RECORDED INFORMATION:
=== Section Start ===

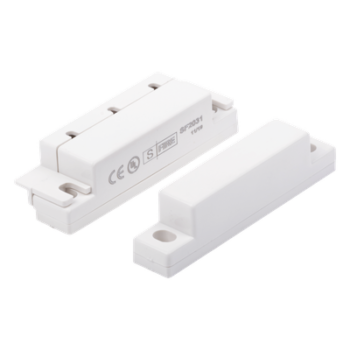 Contacto Magnético para Puertas y Ventanas / Gap 33 mm / NC Normalmente Cerrado / 12 VCC / Cubierta Protectora / 63 mm Largo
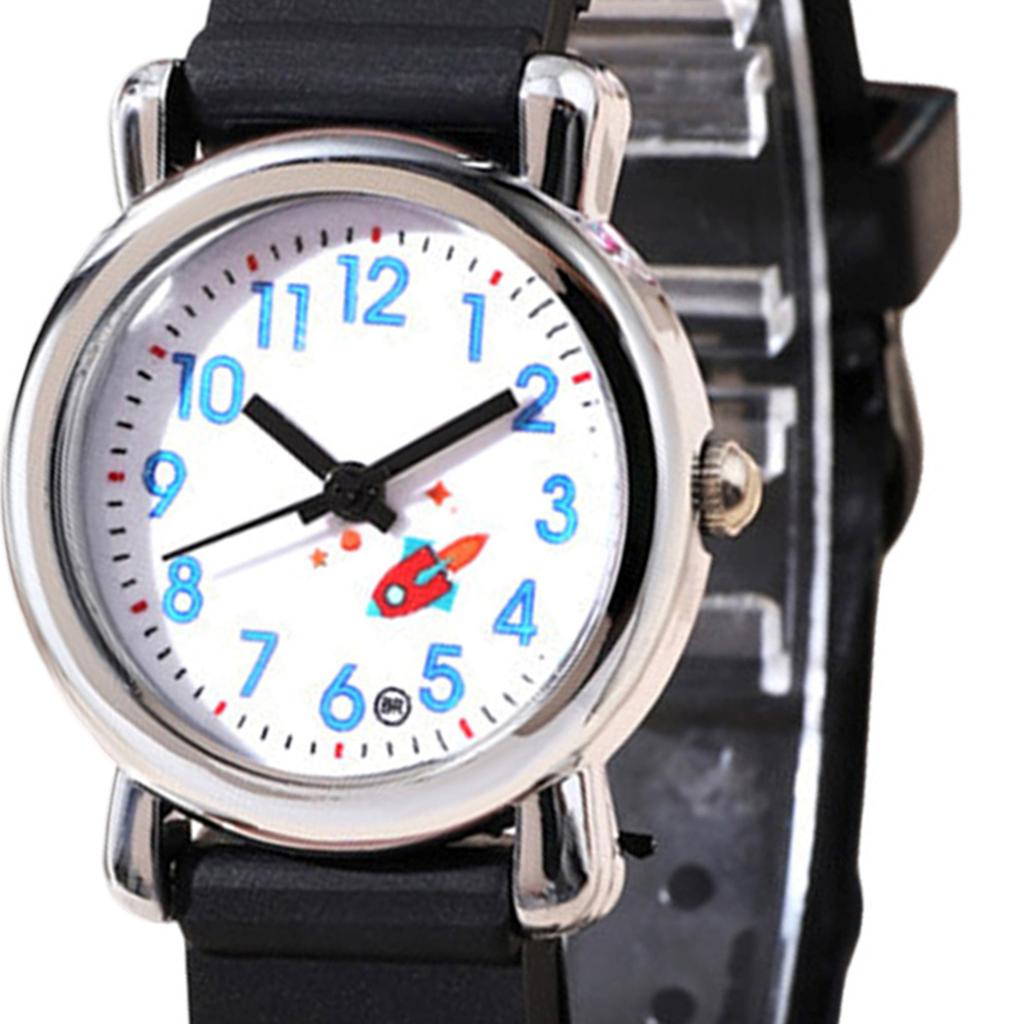 Children Quartz Wrist Watch Easy To Read Kindergarten Learn Time Watches for Toddlers Boys Girls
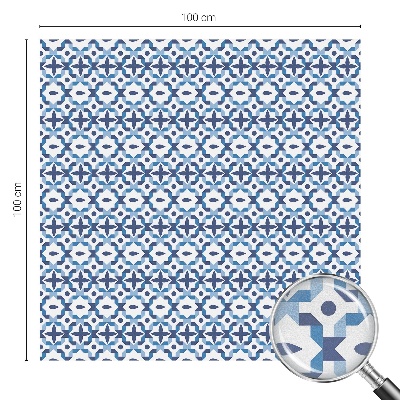 Patterned window film stained glass Harmonious pattern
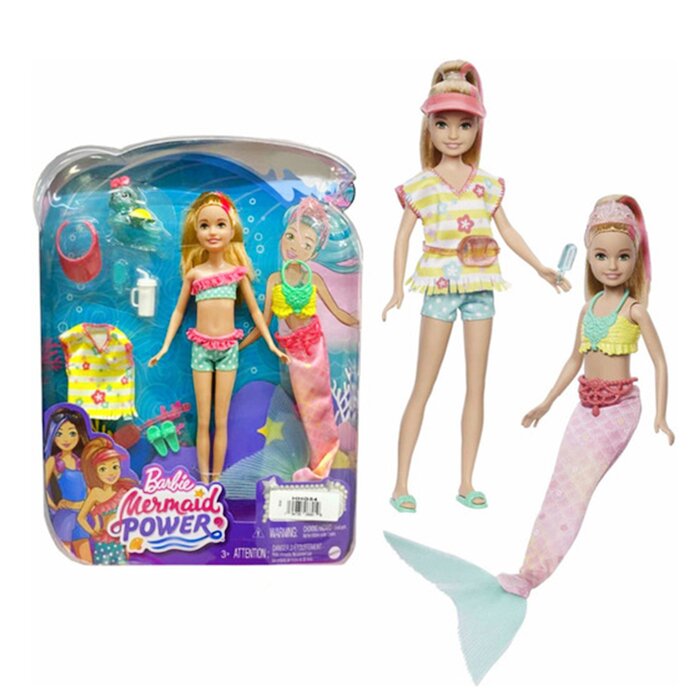 Barbie Stacie Mermaid Power Dolls, Fashions and Accessories Asst. 25x5x32cm  25x5x32cm buy in United States with free shipping CosmoStore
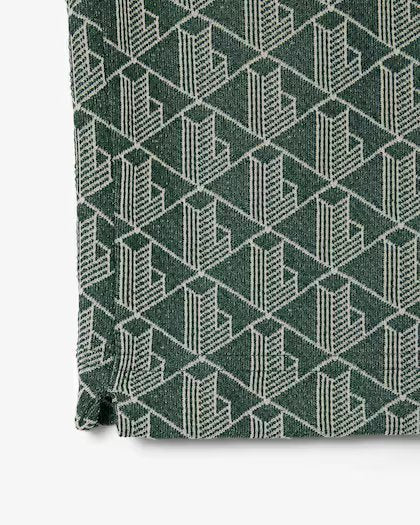 LACOSTE Polo dal taglio classico in jacquard con monogramma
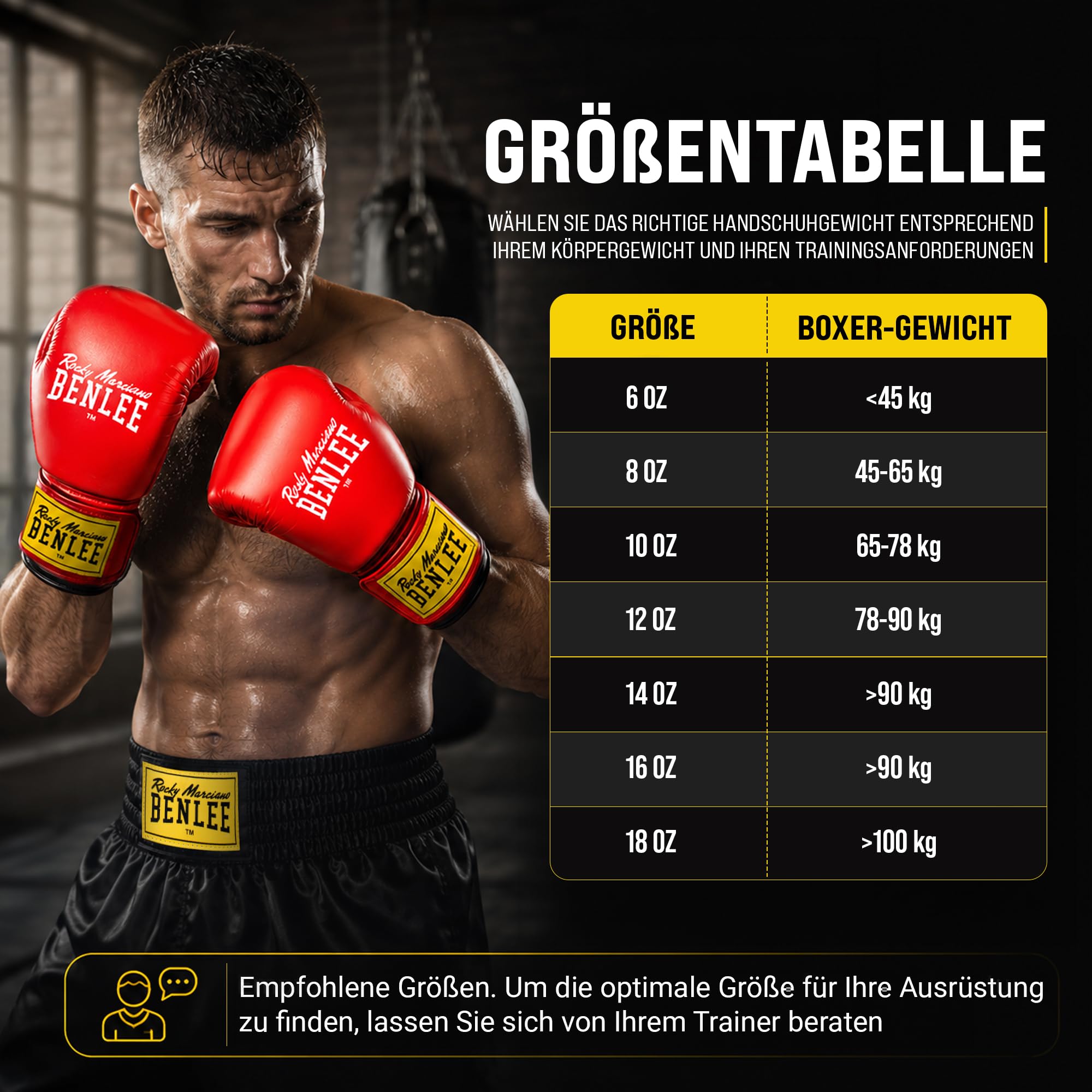 BENLEE rękawice bokserskie ze skóry Fighter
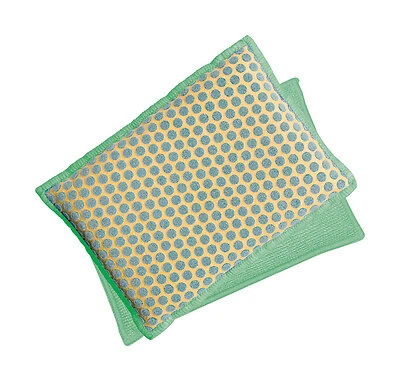 5 In. X 3 In. Yellow & Green Kitchen & Bath Stayfresh Sponge 2 Pk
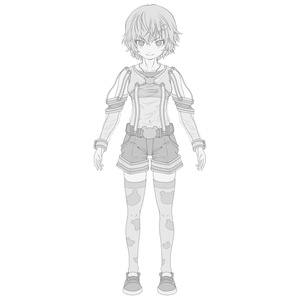 モデリング用下絵＋顏テクスチャーセット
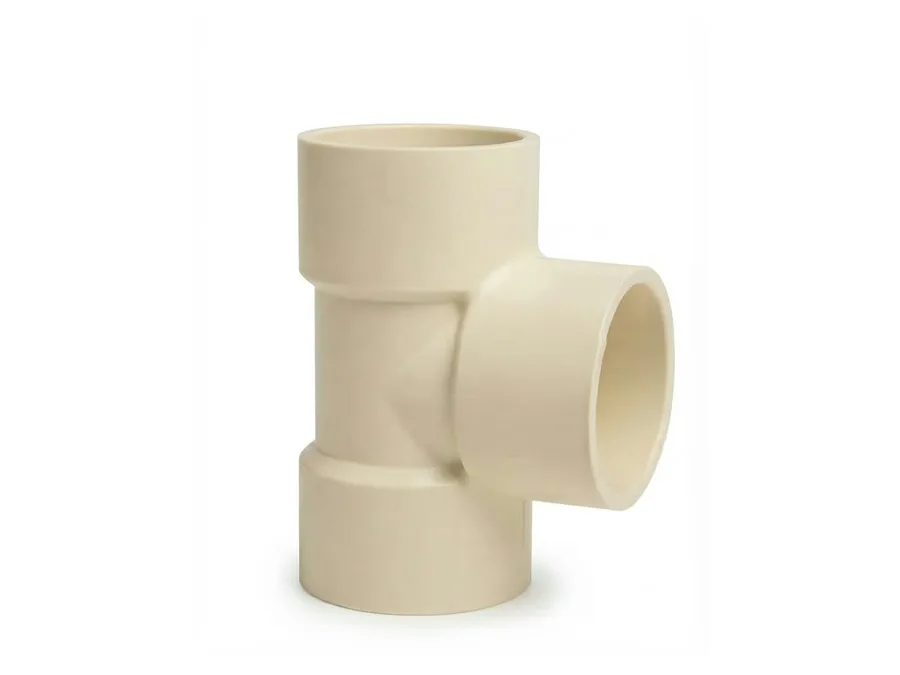 Truflo CPVC Tee 90° Plain SCH 80 65mm (2-1/2 inch) Hot & Cold Water Fitting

=== Section End ===

WHAT THE TASK ASKS:
Only the lines from the start of the records to the line with "Patterned window film" belong in the copy. Print them exactly, minus pictures.

TASK RESULT:
 Contacto Magnético para Puertas y Ventanas / Gap 33 mm / NC Normalmente Cerrado / 12 VCC / Cubierta Protectora / 63 mm Largo
 Children Quartz Wrist Watch Easy To Read Kindergarten Learn Time Watches for Toddlers Boys Girls
 Patterned window film stained glass Harmonious pattern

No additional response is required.